This week, we received our utility bill. It included a newsletter encouraging us to consider solar power, and to do it now to take advantage of a combination of utility company rebates and federal tax credits.
If you are thinking about going solar, note that the federal tax credit for solar panels and solar water heaters is currently set to expire at the end of 2008.
Can you power a whole house with solar?
Potentially, yes. To figure out how much power you need, you have to track your electricity. Here’s what my electricity use graph looks like. The numbers at the left are kilowatt hours (kwh). (And for the record, I think this year is lower than last because of using electric blankets instead of space heaters, and switching more than 25 light bulbs to CFLs – plus not using our clothes dryer.)
(click the chart to see it full-size in a new window)
One calculator I found online said that a system generating enough power to provide about 400 kwh (enough to cover us most months) would take up just 215 square feet of roof space in our location (sunny Colorado). As I understand it, it doesn’t have to cover you every month if you are using an “on-grid” system (a system connected to your utility provider). Instead, the months when you use less than you produce generate a credit, and you can use the credit to pay for months when you use more than you produce.
How much does it cost?
According to Mr. Solar up above, and other sources I have seen, a system of this size, to power our house (not quite 2,000 square feet, and we apparently use about 65% of the electricity typical American households do) would cost around $20,000 installed. We could get credits for about half that cost right now. The system would pay itself off in 20 years … around the same time it would need replacement.
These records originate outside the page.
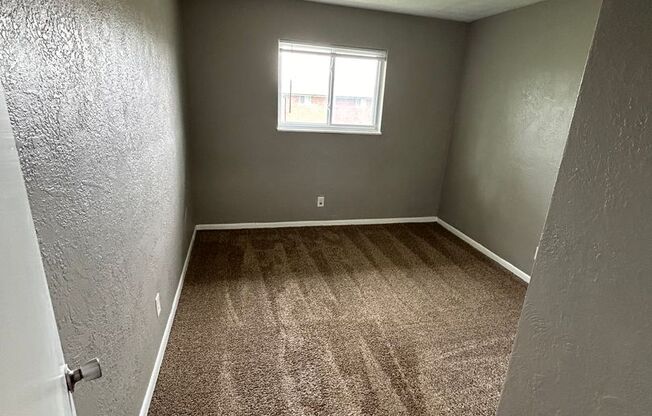 2 beds, 1 bath, 750 sqft, $1,170, Unit B12 1045 17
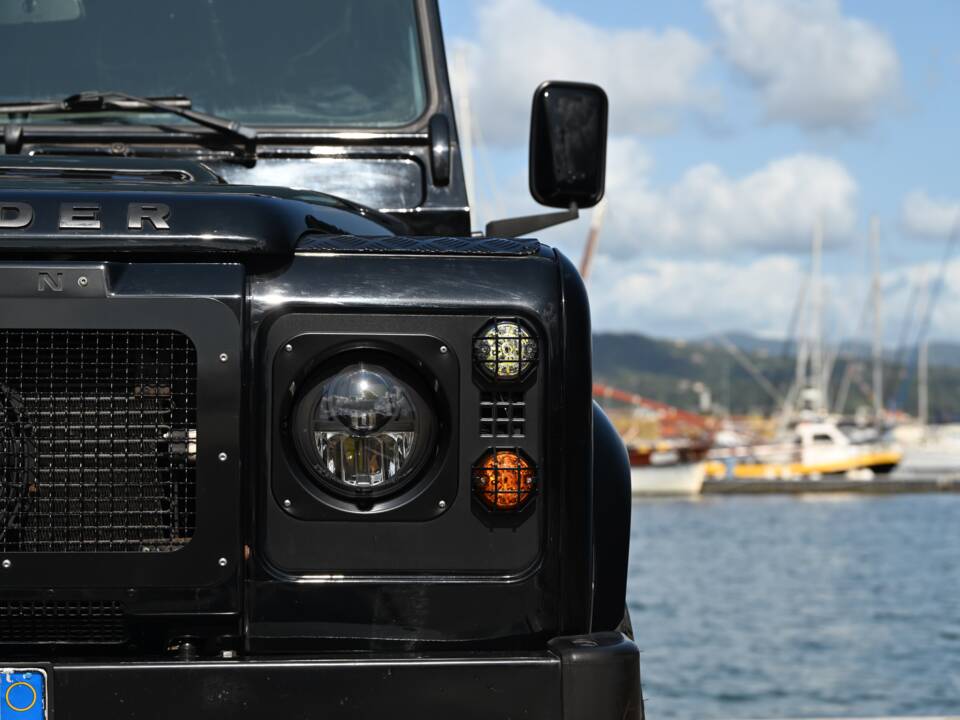 Image 13/70 of Land Rover Defender 90 TD4 (2007)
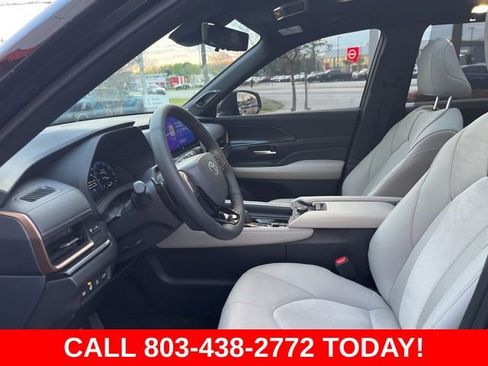 Used 2025 Toyota Grand Highlander AWD Hybrid image 7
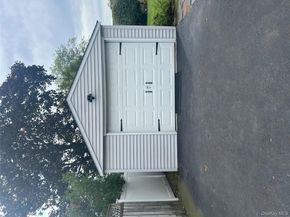 28 Penataquit Avenue, Bay Shore NY 11706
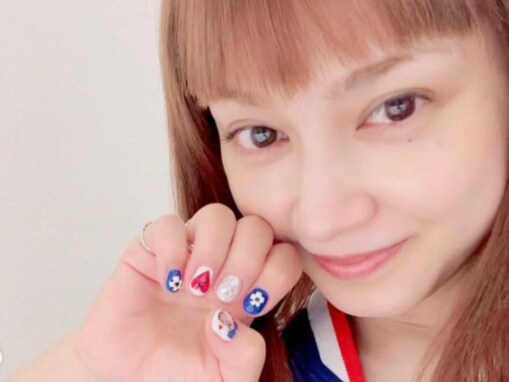 「夫を爪にいれるwww」平愛梨、夫・長友佑都モチーフのW杯ネイル披露！ 「ママの手にPAPAがいる」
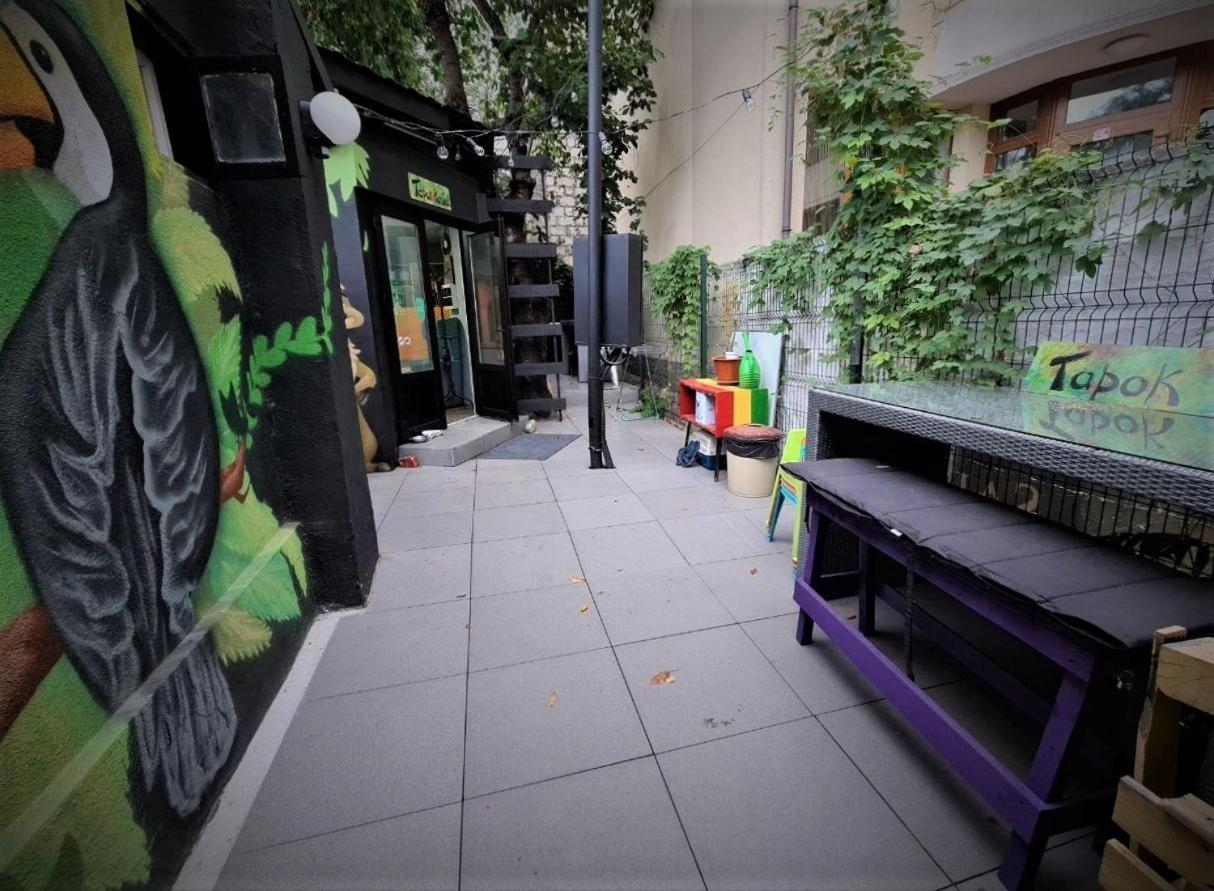 Bern Hostel Кишинев Екстериор снимка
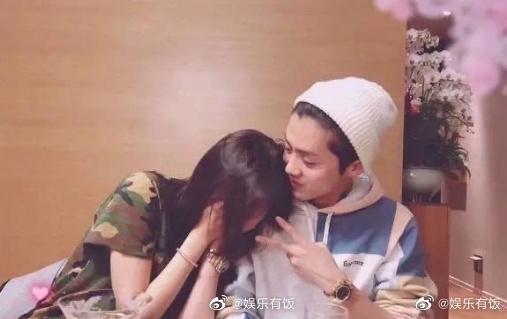 乒乓球刚发球可以发到边吗。 叫边球.可以吗？游戏画面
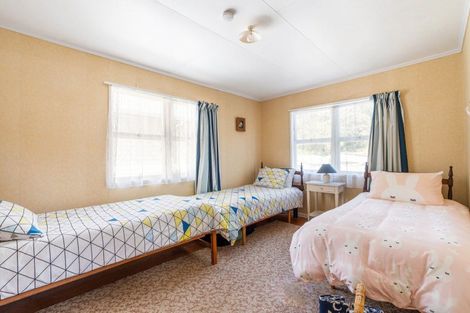 Photo of property in 233 Oakura Road, Oakura, Hikurangi, 0184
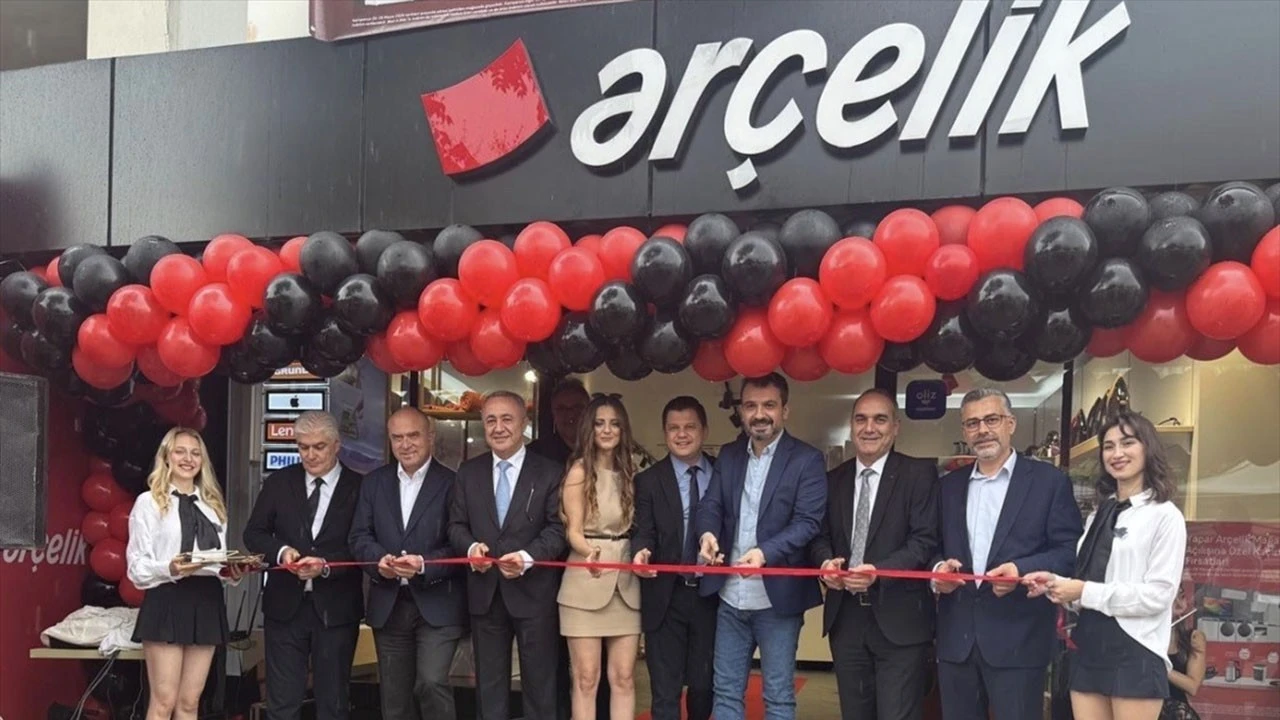 Arçelik İzmir'de yeni nesil 7 mağaza açtı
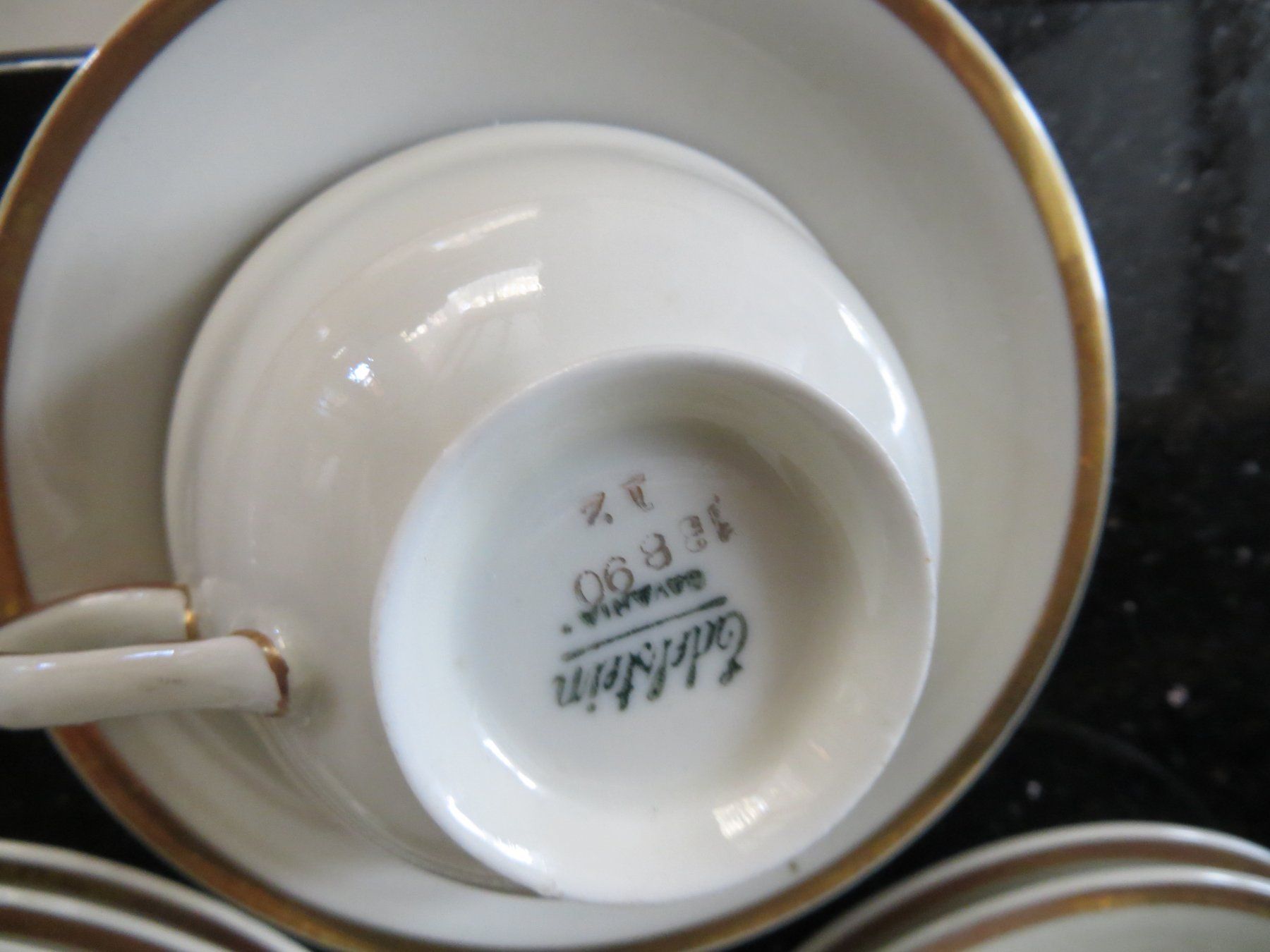 Geschirrsets: Tee-Kaffee Service mit Blumenmuster – Gebraucht aus Ins von Ener52 3
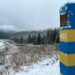 За два тижні до літа: на кордоні з Румунією в Карпатах сніг та мороз –
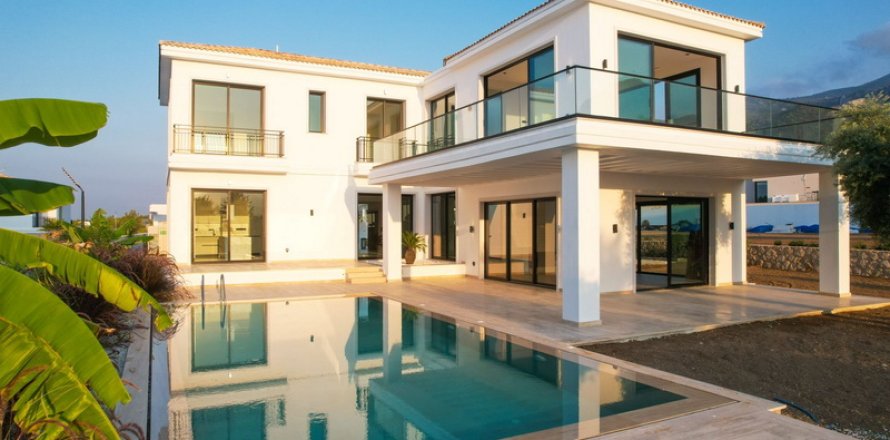 4+1 Villa  i Girne,  Nr. 211811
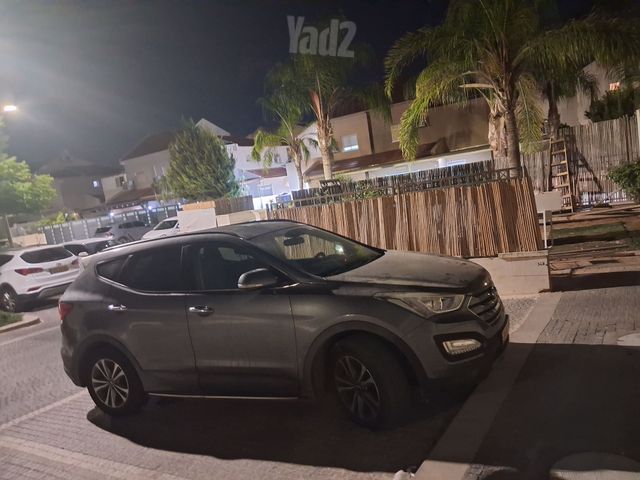 מודעת רכב יונדאי סנטה פה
If I had $10,000 sitting around, I would seriously consider going for it simply to be using clean, non-oil-dependent energy.
This article (via Green Daily) suggests that the price of solar will drop by two-thirds soon. That means the pricing for the solar components needed for my house would fall from $15,200 to $5,600. Even if installation makes up the other $5,000, the new price would be under $11,000 – not too different from my estimated price today, even if all incentives vanish. If any incentives remain, yowsa!
Do you have solar? Want it? Are you already saving your pennies … or thinking about it?